───── Data shown ─────

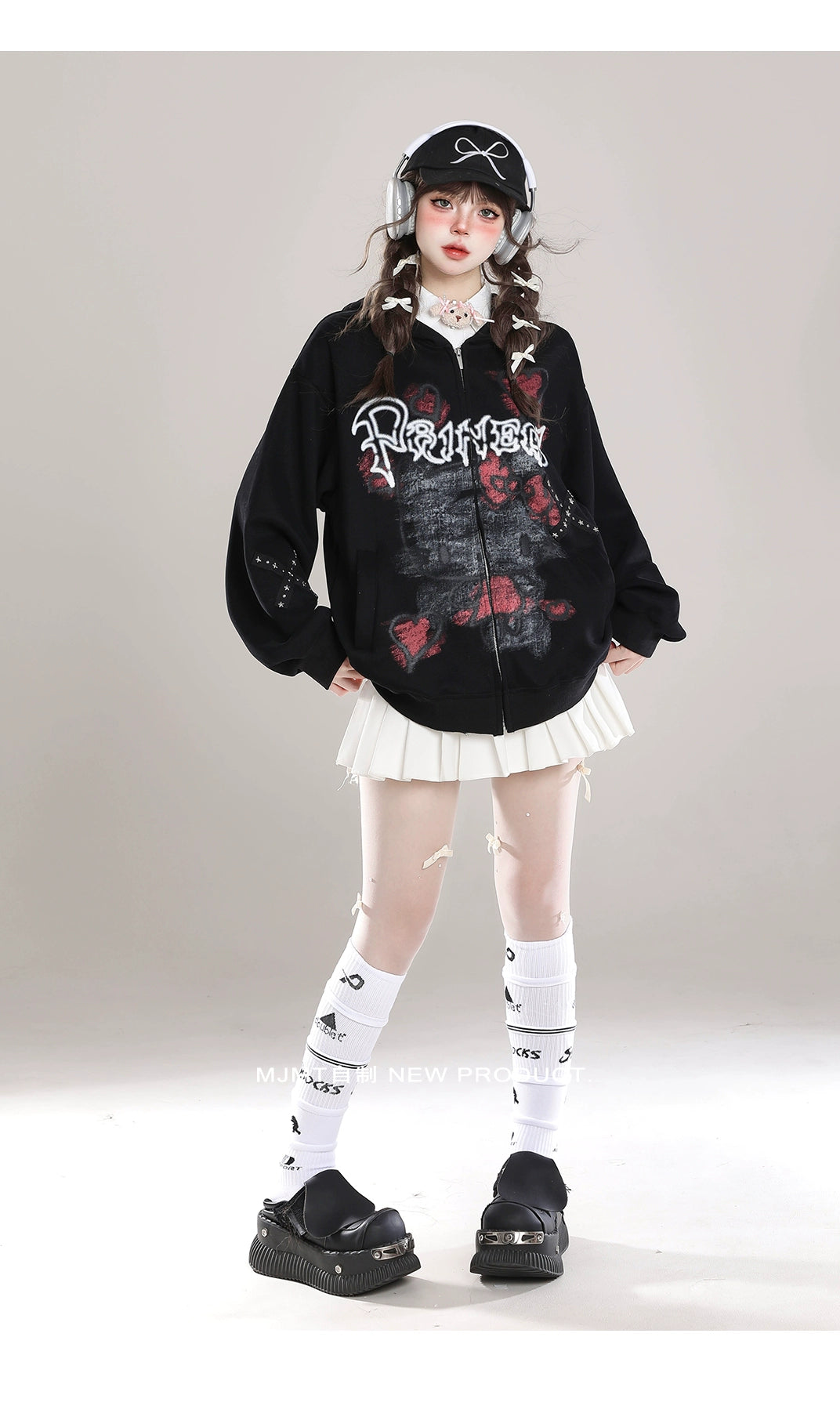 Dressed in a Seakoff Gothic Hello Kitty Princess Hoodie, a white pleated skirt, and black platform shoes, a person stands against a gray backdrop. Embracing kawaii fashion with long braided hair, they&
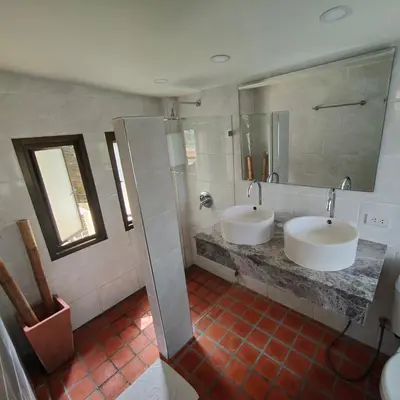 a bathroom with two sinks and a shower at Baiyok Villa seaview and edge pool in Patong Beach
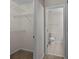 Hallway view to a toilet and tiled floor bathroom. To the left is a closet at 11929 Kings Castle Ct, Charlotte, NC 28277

─────

Give back the material above exactly as it appears, minus the pictures.

> **Exercise answer**
 Dressed in a Seakoff Gothic Hello Kitty Princess Hoodie, a white pleated skirt, and black platform shoes, a person stands against a gray backdrop. Embracing kawaii fashion with long braided hair, they&
 a bathroom with two sinks and a shower at Baiyok Villa seaview and edge pool in Patong Beach
 Hallway view to a toilet and tiled floor bathroom. To the left is a closet at 11929 Kings Castle Ct, Charlotte, NC 28277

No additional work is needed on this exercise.